TASK TO CARRY OUT
All the lines below should be set down exactly, with no picture carried into the copy.

* * * * * * * * *

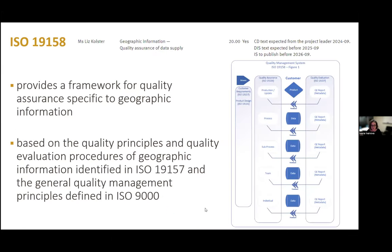That covers the development of ISO 19158, which used to be a pretty useless specification of two pages that simply said data suppliers should take care of their data quality assurance. It is being developed into a standard that will be more practical — helping producers to actually assure and inform their users about the level of quality assurance they provide with their geographic information products.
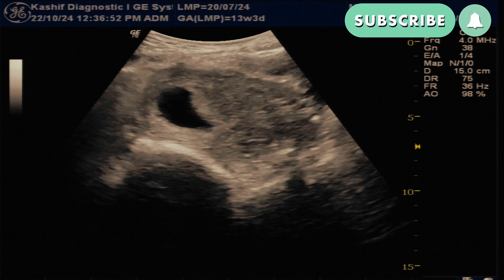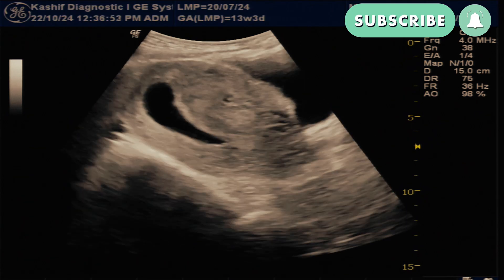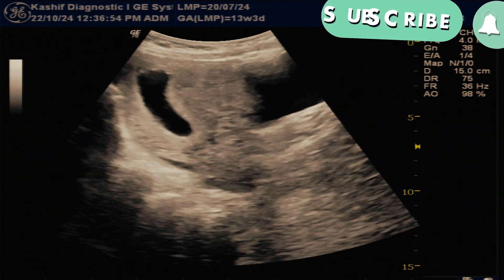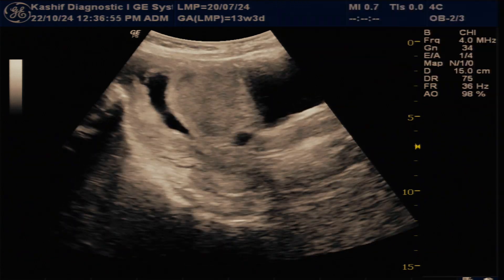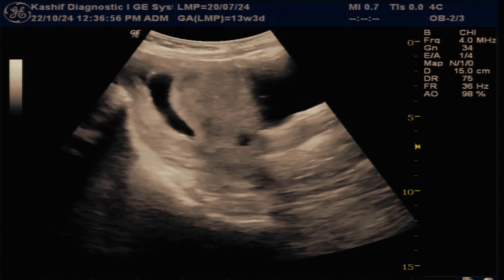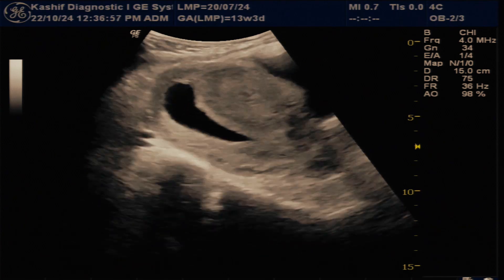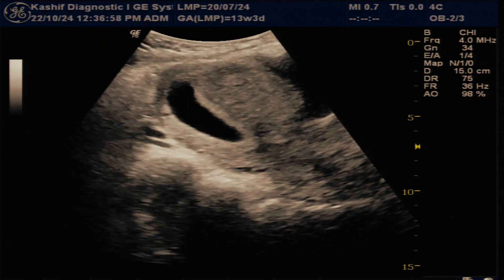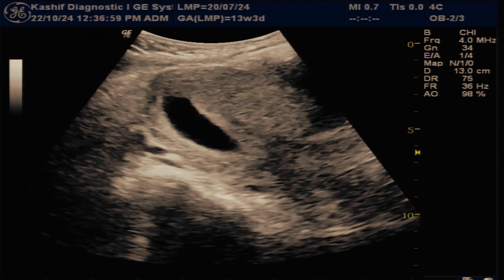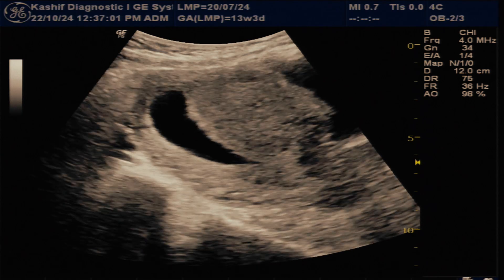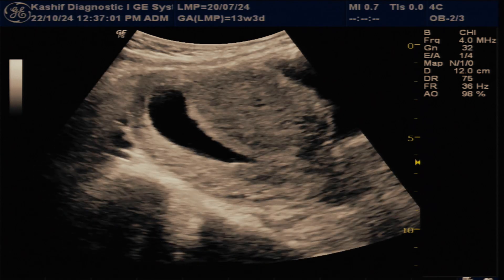This is the abdominal ultrasound. We see a well-defined gestational sac in the uterus. This is normal intrauterine position. There is no free fluid in the peritoneal cavity.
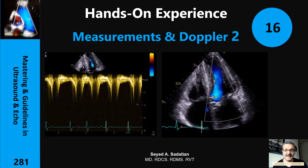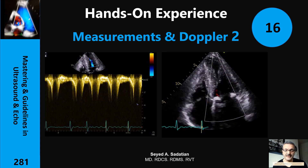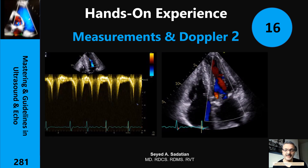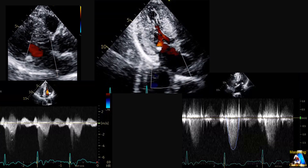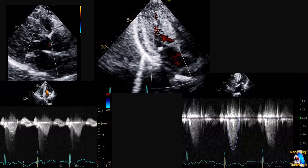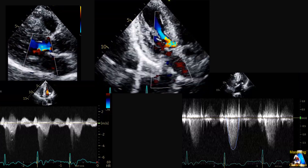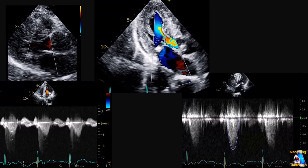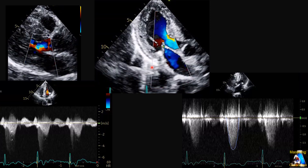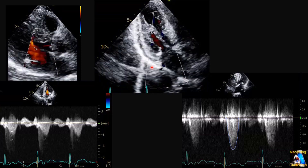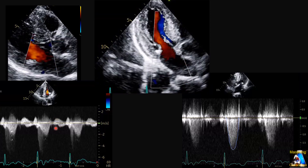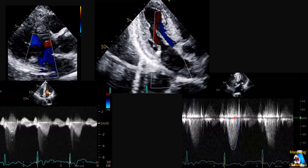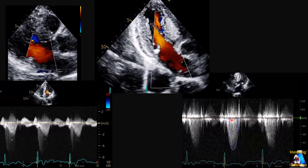Welcome to Mastering and Guideline in Ultrasound and ECHO. Hi everyone, here we have Hands-On Experience 16. We have a case on plaques and apical 3, and Doppler in apical 4 and apical 5 for aorta.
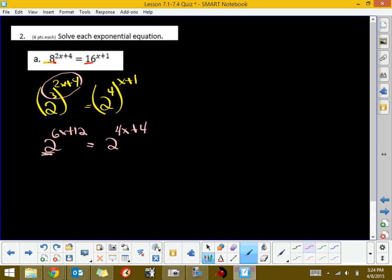Now, once you have the bases the same, the only way that we can get the same value on an exponential equation is if the bases are the same, then the exponents have to be the same. So, we simply equate our exponents and solve that equation, which is a linear.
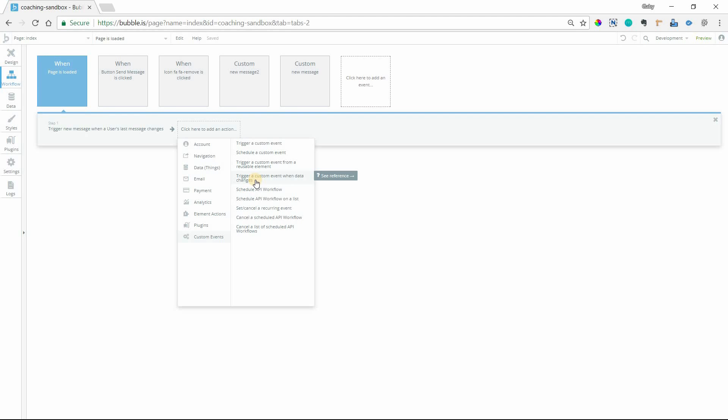So it's not just the same field for any record, it's for a record in your database that you specify. So you basically tell Bubble to monitor this field and if there is any change that is made to the value of that field, it will trigger a custom event.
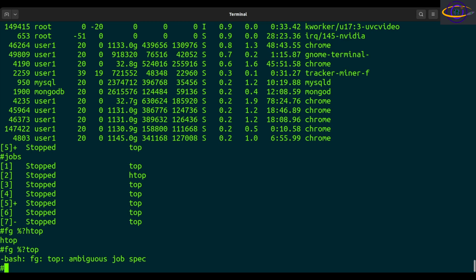So that's basically how the FG command works. Remember to check out my BG command video and also my video on the jobs command. Really the jobs command, the FG command and the BG command go together. I have yet another video that covers them all together.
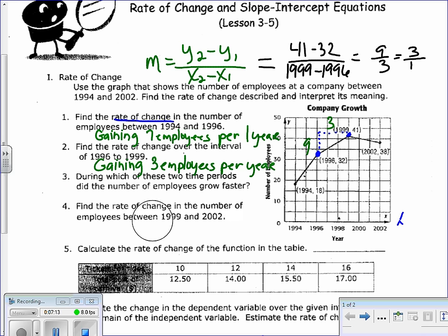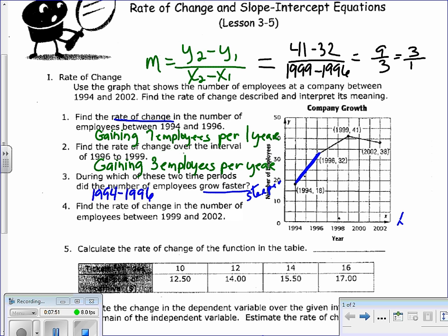Number 3 asks: during which of these two time periods did the number of employees grow faster? You can look at the segments visually — the one that grows faster has the steeper line segment. Comparing the rates of change: 7 employees per year versus 3 employees per year, so 1994 to 1996 has the greater rate of change. I can see that visually because it's steeper, and numerically because 7 is bigger than 3.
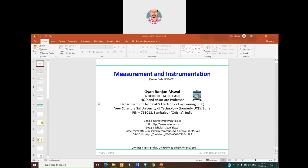We are going to discuss a new topic today — in fact the last module of this series: Measurement and Instrumentation. Under this module we are going to primarily consider two topics. One is the multimeter — digital meter — where we are going to consider the measurement of parameters like voltage, current, and resistance using a multimeter. Then we will discuss how the Hall effect sensor can be used for measurement purposes.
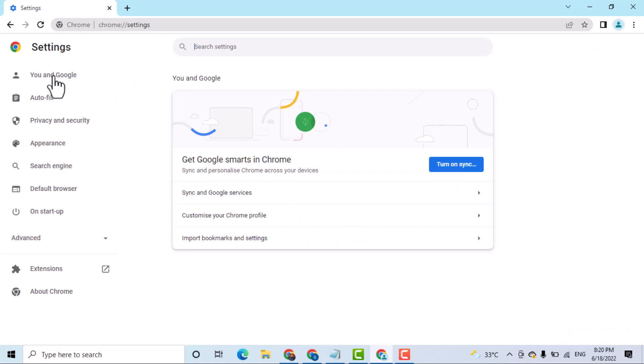Now here click on You and Google, then click on Sync and Google services.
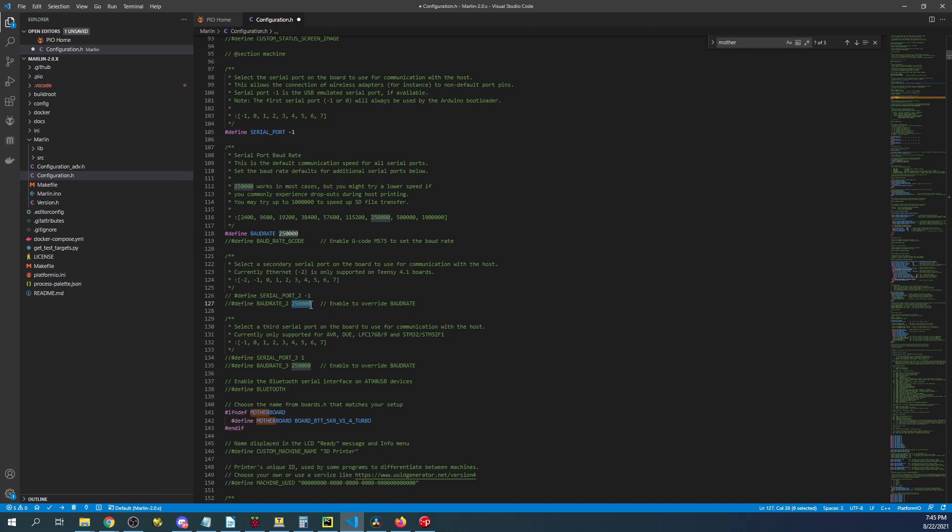But you can also modify the actual speed now. Now they've done the same thing but they've added a third COM port that you could possibly use for something like Wi-Fi.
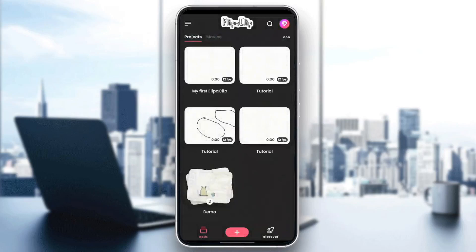Hello everyone, and welcome back to a new video. In this video, I'm going to show you guys how to add pictures in Flipperclip. So if you guys want to learn how to do it, just follow the steps that I'm going to show you.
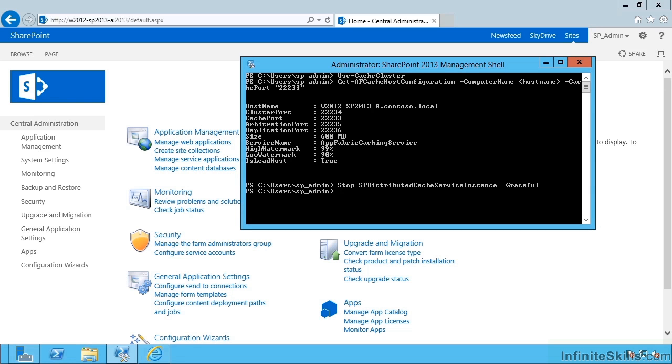This process can take easily up to 15 minutes on a heavily used farm. Now this is a toy farm, so it's going to happen very quickly. In the real world with real use, that's going to take a long time to transfer to an alternative server.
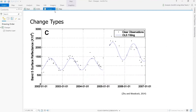The CCDC algorithm identifies all three change types, with the primary purpose of identifying abrupt changes. Harmonic regression and trend models are fitted to the data to estimate seasonal and gradual changes. Sudden deviations from the trend models are indication of abrupt changes.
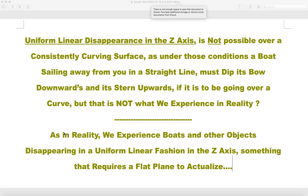This video is about uniform linear disappearance in the z-axis. This is an argument I was making in 2015 when I first got into this subject. I didn't make any videos until 2017 — I was just a commenter on YouTube videos for those two years, but this is an argument I used to make.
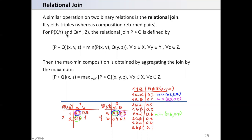For a relation P on XY and another relation Q on YZ, the relational join P★Q is defined on XYZ. Here we have XY and YZ, so the join is defined on XYZ.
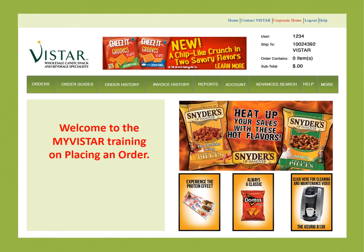Hi and welcome to the My Vistar training on placing an order. Today we will be walking through all the basics when going in and placing your order on the My Vistar website.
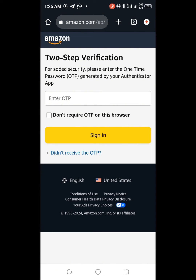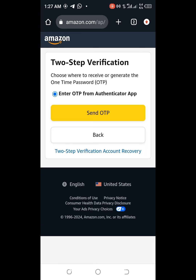You don't have the authenticator app, so what you do is click on the part that says 'Didn't receive code.' You'll see it says it didn't receive the OTP. There's an option to click 'Send OTP,' but that would also require you to get the OTP from the app — which you don't have. So instead, tap on the part that says 'Two-step verification account recovery.'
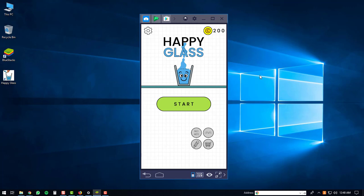So that's about it. If you guys have any questions or comments feel free to leave them below. And if this video has helped you play the Happy Glass game on a Windows PC, please give it a thumbs up. Thanks a lot. Have a good day.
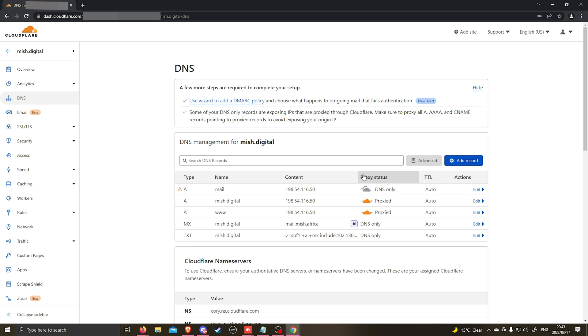But once that is done, allow 30 minutes for the DNS records to update. Once the DNS records are updated, you will have a working domain name that has been added onto your cPanel hosting package.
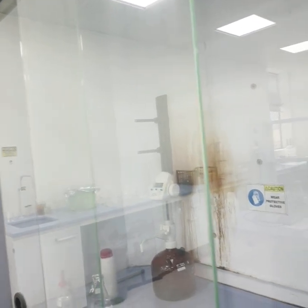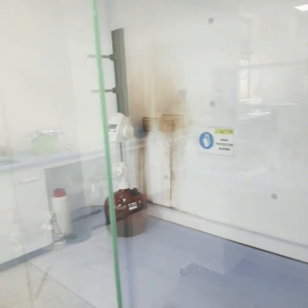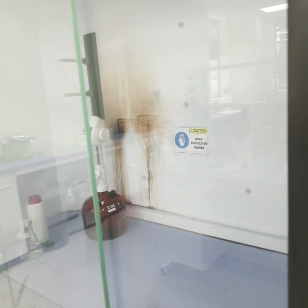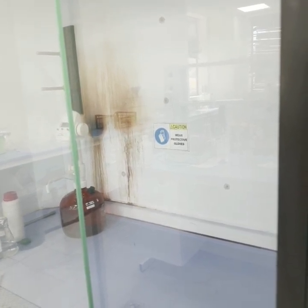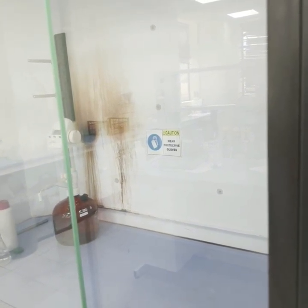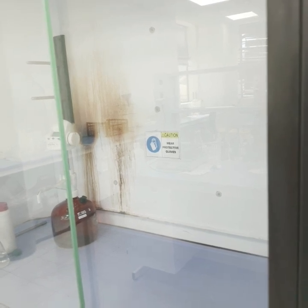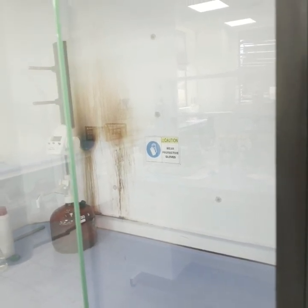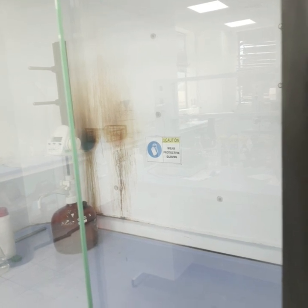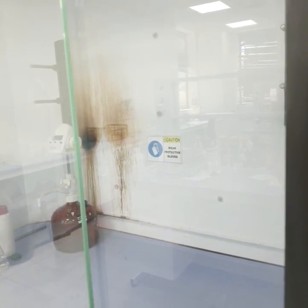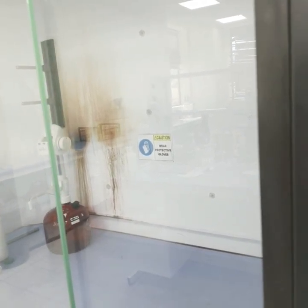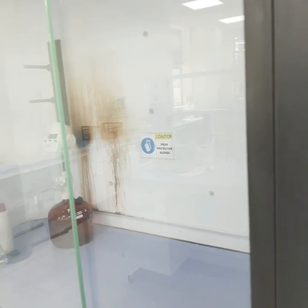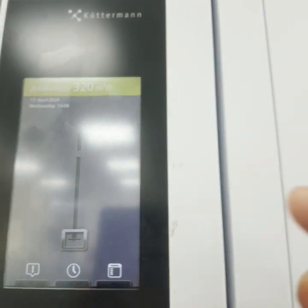In fume hoods, we handle chemicals with high acute toxicity — carcinogens, mutagens, or chemicals with high exposure risk, defined as NFPA health rating of 3 or 4 — as well as flammable, corrosive, irritating, reactive, or potentially exploding chemicals.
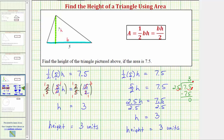So now we know that if a triangle has a base of 5 units and a height of 3 units, the area will be 7.5 square units. I hope you found this helpful.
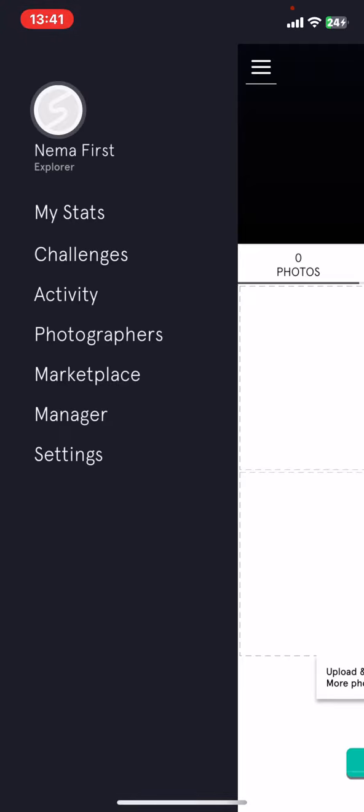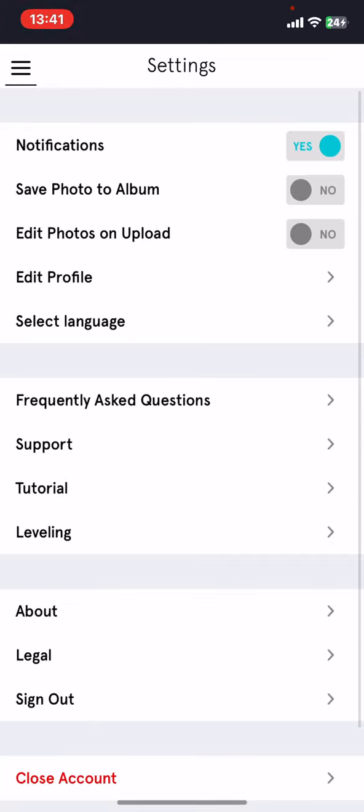Then click on the Settings button. In the Settings section, there is a Save Photo to Album button.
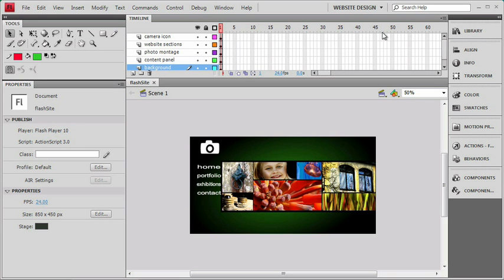Now we convert those frames into time through a number called the frame rate. And that's down here in the properties of the movie itself. It's listed as FPS, and that stands for frames per second. Now a default CS4 movie will start out at 24 frames per second, but you can change that as you need to.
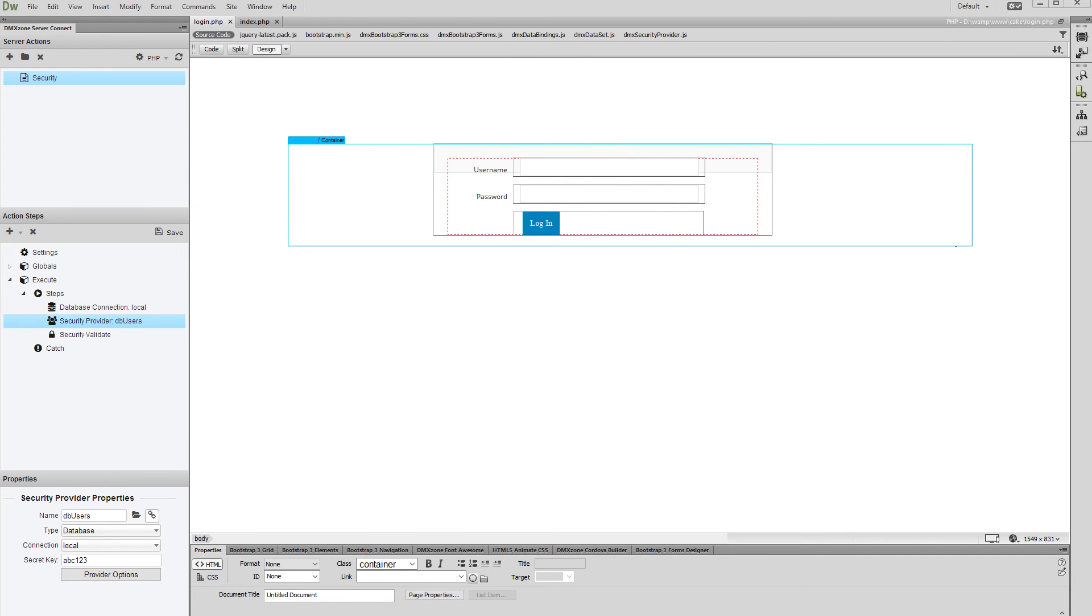Hi. With this movie we will show you how to restrict access to pages based on the user's permissions. In our previous tutorial, we've explained how to set up a database security provider and how to set up permissions for your users.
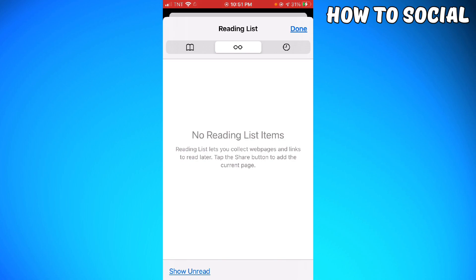As you can see, I don't have any reading list items right now, but if you do have items, you'll see the Edit button at the lower right corner of your screen. Just click on that.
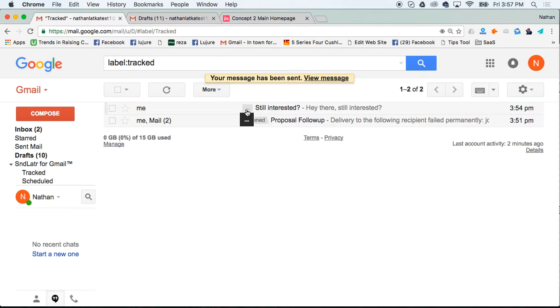For example, once this changed to opened, I know this recipient is definitely interested, and it helps me close deals, get sales, and frankly get what I want.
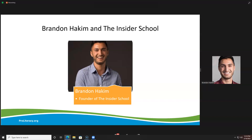Anything that we're struggling with right now has already been mastered and written about in a book. The other realization was that a single idea can change everything. It's not about collecting as much information as possible in that traditional education model. It's a lot more about: what am I struggling with right now, where can I find the answer in what book, and how can I take that in a simple way and actually apply it?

* * * * * * * * *

TASK ANSWER
That covers the development of ISO 19158, which used to be a pretty useless specification of two pages that simply said data suppliers should take care of their data quality assurance. It is being developed into a standard that will be more practical — helping producers to actually assure and inform their users about the level of quality assurance they provide with their geographic information products.
This is the abdominal ultrasound. We see a well-defined gestational sac in the uterus. This is normal intrauterine position. There is no free fluid in the peritoneal cavity.
Welcome to Mastering and Guideline in Ultrasound and ECHO. Hi everyone, here we have Hands-On Experience 16. We have a case on plaques and apical 3, and Doppler in apical 4 and apical 5 for aorta.
Now, once you have the bases the same, the only way that we can get the same value on an exponential equation is if the bases are the same, then the exponents have to be the same. So, we simply equate our exponents and solve that equation, which is a linear.
So it's not just the same field for any record, it's for a record in your database that you specify. So you basically tell Bubble to monitor this field and if there is any change that is made to the value of that field, it will trigger a custom event.
So that's basically how the FG command works. Remember to check out my BG command video and also my video on the jobs command. Really the jobs command, the FG command and the BG command go together. I have yet another video that covers them all together.
Number 3 asks: during which of these two time periods did the number of employees grow faster? You can look at the segments visually — the one that grows faster has the steeper line segment. Comparing the rates of change: 7 employees per year versus 3 employees per year, so 1994 to 1996 has the greater rate of change. I can see that visually because it's steeper, and numerically because 7 is bigger than 3.
We are going to discuss a new topic today — in fact the last module of this series: Measurement and Instrumentation. Under this module we are going to primarily consider two topics. One is the multimeter — digital meter — where we are going to consider the measurement of parameters like voltage, current, and resistance using a multimeter. Then we will discuss how the Hall effect sensor can be used for measurement purposes.
Now here click on You and Google, then click on Sync and Google services.
But you can also modify the actual speed now. Now they've done the same thing but they've added a third COM port that you could possibly use for something like Wi-Fi.
Hello everyone, and welcome back to a new video. In this video, I'm going to show you guys how to add pictures in Flipperclip. So if you guys want to learn how to do it, just follow the steps that I'm going to show you.
This process can take easily up to 15 minutes on a heavily used farm. Now this is a toy farm, so it's going to happen very quickly. In the real world with real use, that's going to take a long time to transfer to an alternative server.
The CCDC algorithm identifies all three change types, with the primary purpose of identifying abrupt changes. Harmonic regression and trend models are fitted to the data to estimate seasonal and gradual changes. Sudden deviations from the trend models are indication of abrupt changes.
This video is about uniform linear disappearance in the z-axis. This is an argument I was making in 2015 when I first got into this subject. I didn't make any videos until 2017 — I was just a commenter on YouTube videos for those two years, but this is an argument I used to make.
For a relation P on XY and another relation Q on YZ, the relational join P★Q is defined on XYZ. Here we have XY and YZ, so the join is defined on XYZ.
Hi and welcome to the My Vistar training on placing an order. Today we will be walking through all the basics when going in and placing your order on the My Vistar website.
You don't have the authenticator app, so what you do is click on the part that says 'Didn't receive code.' You'll see it says it didn't receive the OTP. There's an option to click 'Send OTP,' but that would also require you to get the OTP from the app — which you don't have. So instead, tap on the part that says 'Two-step verification account recovery.'
So that's about it. If you guys have any questions or comments feel free to leave them below. And if this video has helped you play the Happy Glass game on a Windows PC, please give it a thumbs up. Thanks a lot. Have a good day.
But once that is done, allow 30 minutes for the DNS records to update. Once the DNS records are updated, you will have a working domain name that has been added onto your cPanel hosting package.
In fume hoods, we handle chemicals with high acute toxicity — carcinogens, mutagens, or chemicals with high exposure risk, defined as NFPA health rating of 3 or 4 — as well as flammable, corrosive, irritating, reactive, or potentially exploding chemicals.
So now we know that if a triangle has a base of 5 units and a height of 3 units, the area will be 7.5 square units. I hope you found this helpful.
Then click on the Settings button. In the Settings section, there is a Save Photo to Album button.
Now we convert those frames into time through a number called the frame rate. And that's down here in the properties of the movie itself. It's listed as FPS, and that stands for frames per second. Now a default CS4 movie will start out at 24 frames per second, but you can change that as you need to.
Hi. With this movie we will show you how to restrict access to pages based on the user's permissions. In our previous tutorial, we've explained how to set up a database security provider and how to set up permissions for your users.
As you can see, I don't have any reading list items right now, but if you do have items, you'll see the Edit button at the lower right corner of your screen. Just click on that.
For example, once this changed to opened, I know this recipient is definitely interested, and it helps me close deals, get sales, and frankly get what I want.
Anything that we're struggling with right now has already been mastered and written about in a book. The other realization was that a single idea can change everything. It's not about collecting as much information as possible in that traditional education model. It's a lot more about: what am I struggling with right now, where can I find the answer in what book, and how can I take that in a simple way and actually apply it?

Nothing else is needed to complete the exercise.